* DIRECTIONS *
The answer should be a faithful retyping of the records that follow, pictures excluded.

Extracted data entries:
....................
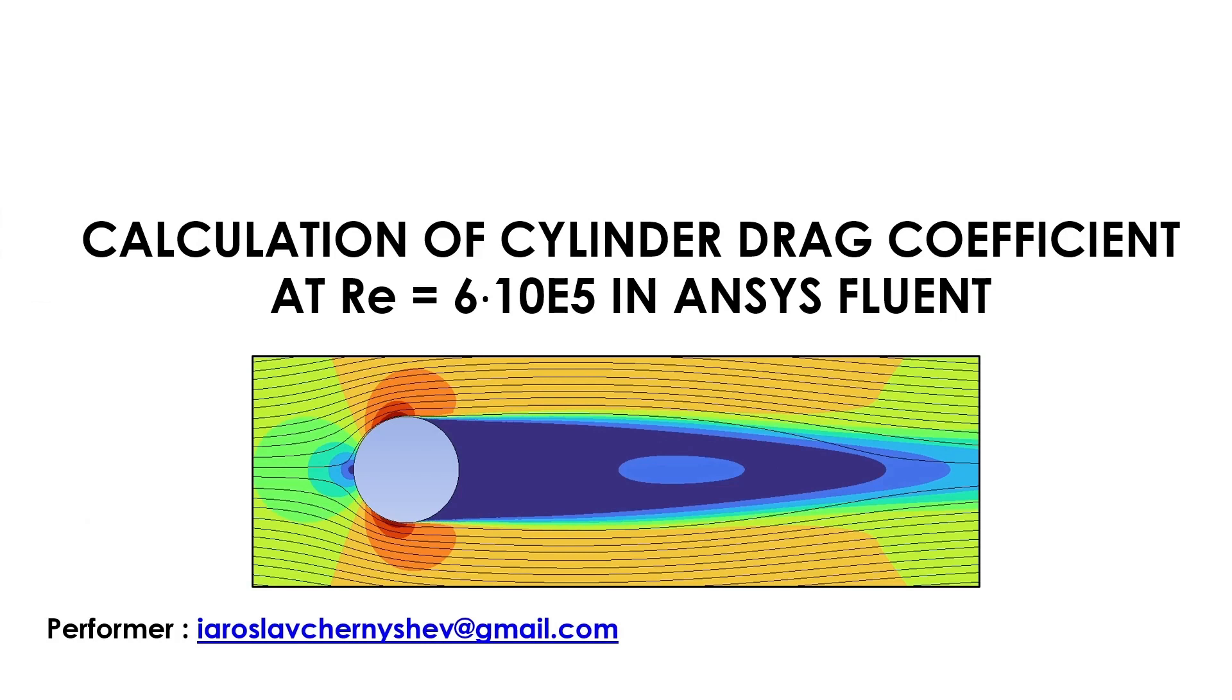Good afternoon guys, hello Anale. In this video guide I want to show you how to solve the problem of cylinder flow at a certain Reynolds number. We will compare the obtained simulation results with the experiment. So here we go.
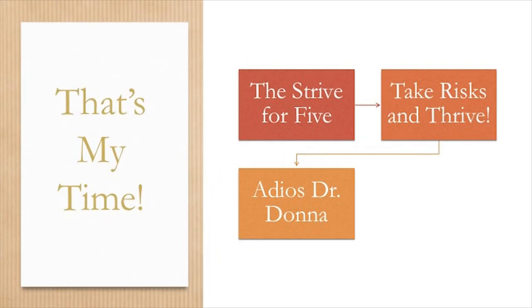Well, that's my time, ladies and gentlemen. But before I get out of here, just remember: the strive for five, take risks and thrive. I'll catch you guys next week. Adios.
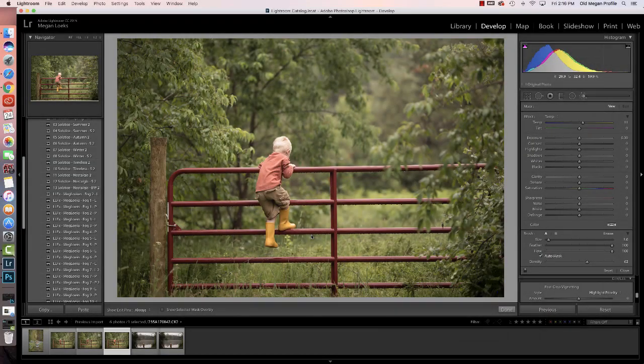Hi everyone, I'm Meg Lukes and I wanted to show you how I use the new fog presets on my images.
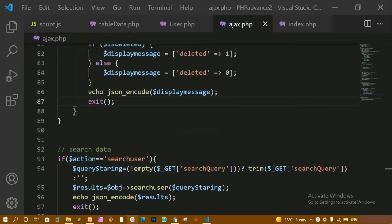We have performed all the CRUD operations. We have seen advanced CRUD, pagination, how to search using a form, how to search data using a model, how to insert using a model, how to edit, and also how to view the data of the user. We have performed all these actions.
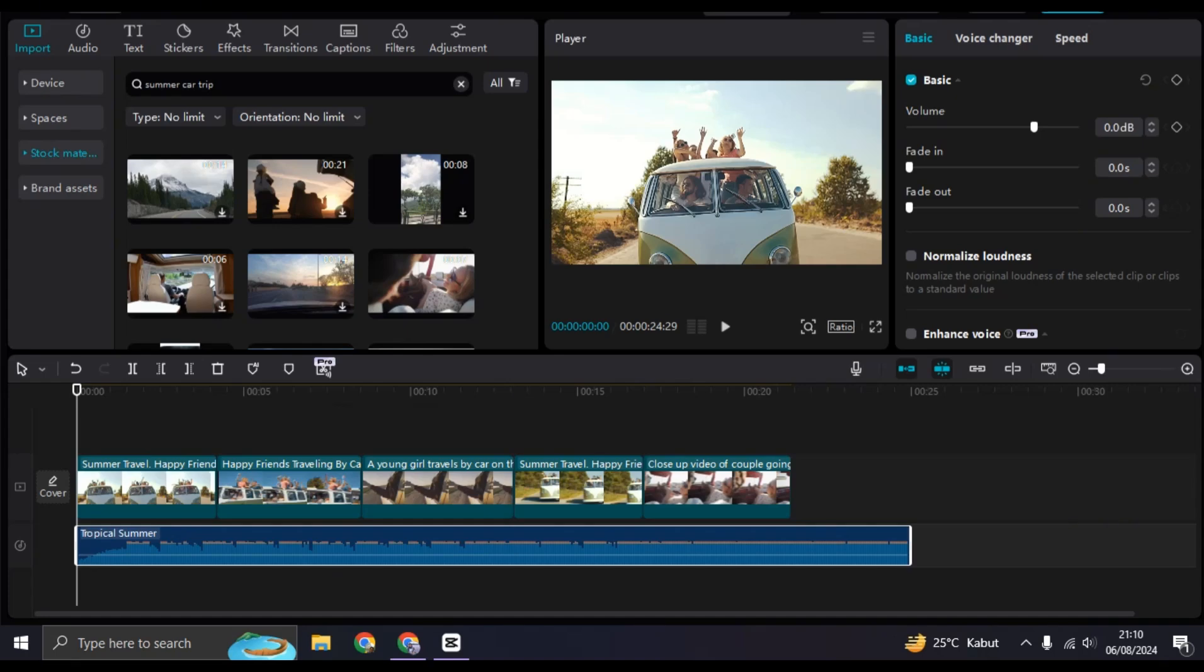Hey guys, welcome back to my channel. In today's tutorial, I'm going to show you how you can create this smooth zoom-in effect like in After Effects using CapCut PC. So first, you can start by adding the clips or images that you want to edit.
....................
* ANSWER SPACE *
Good afternoon guys, hello Anale. In this video guide I want to show you how to solve the problem of cylinder flow at a certain Reynolds number. We will compare the obtained simulation results with the experiment. So here we go.
Well, that's my time, ladies and gentlemen. But before I get out of here, just remember: the strive for five, take risks and thrive. I'll catch you guys next week. Adios.
Hi everyone, I'm Meg Lukes and I wanted to show you how I use the new fog presets on my images.
We have performed all the CRUD operations. We have seen advanced CRUD, pagination, how to search using a form, how to search data using a model, how to insert using a model, how to edit, and also how to view the data of the user. We have performed all these actions.
Hey guys, welcome back to my channel. In today's tutorial, I'm going to show you how you can create this smooth zoom-in effect like in After Effects using CapCut PC. So first, you can start by adding the clips or images that you want to edit.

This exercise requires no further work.